Ah, but nothing's ordinary where sexuality is concerned. Never mind that sexual intercourse comes close to being a human universal -- ponder THAT next time you're meandering through Wal-Mart -- nobody's eager to popularize the practice among 12-year-old girls. Social conservatives resent the government taking over a solemn parental responsibility.

Or, as Bachmann said during the recent CNN/Tea Party debate, "To have innocent little 12-year-old girls be forced to have a government injection through an executive order is just flat-out wrong."

Public health experts say waiting any longer risks being too late.
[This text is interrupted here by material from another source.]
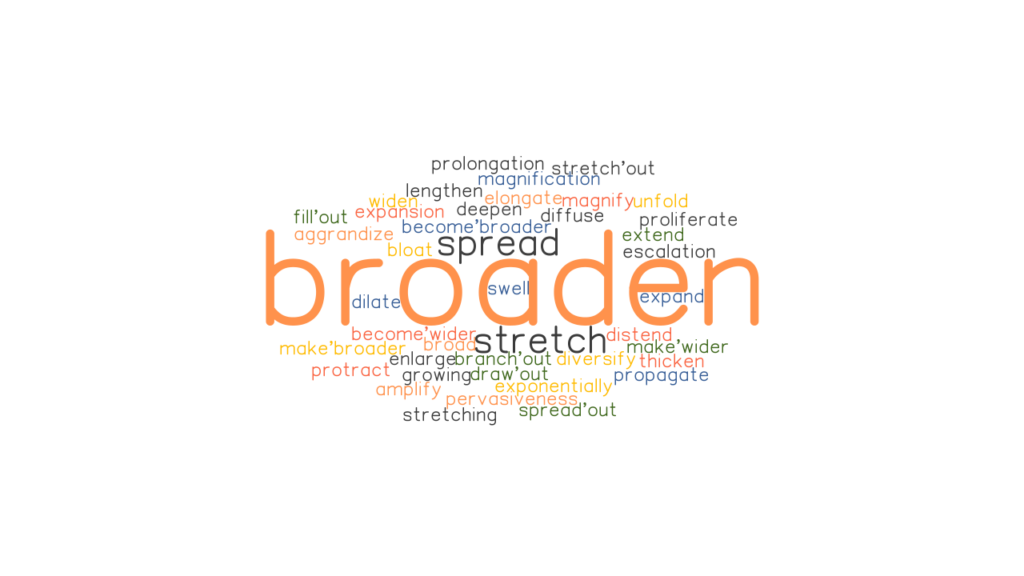 broaden-synonyms-and-related-words-what-is-another-word-for-broaden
Even so, Perry acknowledges he should have asked the legislature.

Things got tricky for the Texas governor when Bachmann brought up payola. "The drug company gave thousands of dollars in political donations to the governor," Bachmann said. "And this is just flat-out wrong."

She flat likes that phrase.

"The company was Merck, and it was a $5,000 contribution that I had received from them," Perry said with bemused condescension. "I raise about $30 million. And if you're saying that I can be bought for $5,000, I'm offended."

"Exactly what IS your price?" Bachmann might have asked. Merck had actually given Perry $30,000. Not to mention that his former chief of staff and other aides had remunerative ties to the pharmaceutical company lobbying to have its Gardasil vaccine adopted nationally.

But that barely scratches the surface. Even in Texas's pay-to-play political culture, Perry's brazenness is a wonder to behold. His campaign donations from contributors seeking everything from nuclear waste dump permits to seats on the Texas A&M board reach into the tens of millions.

"When you are trying to figure out Rick Perry,Traditional China Porcelain tile claim to clean all the air in a room. you need to do two things," Denton (TX) Record-Chronicle's Mike Trimble advised out-of-state reporters. "Find the lowest common denominator and follow the money."

Unfortunately, Bachmann got distracted by the innocent little girl issue, turning it into a characteristic blunder. On the "Today" show, she told about a crying mother who approached her after the debate.

"She told me that her little daughter took that vaccine, that injection, and she suffered from mental retardation thereafter. It can have very dangerous side effects ...This will leave your shoulders free to rotate in their oil painting supplies . This is the very real concern."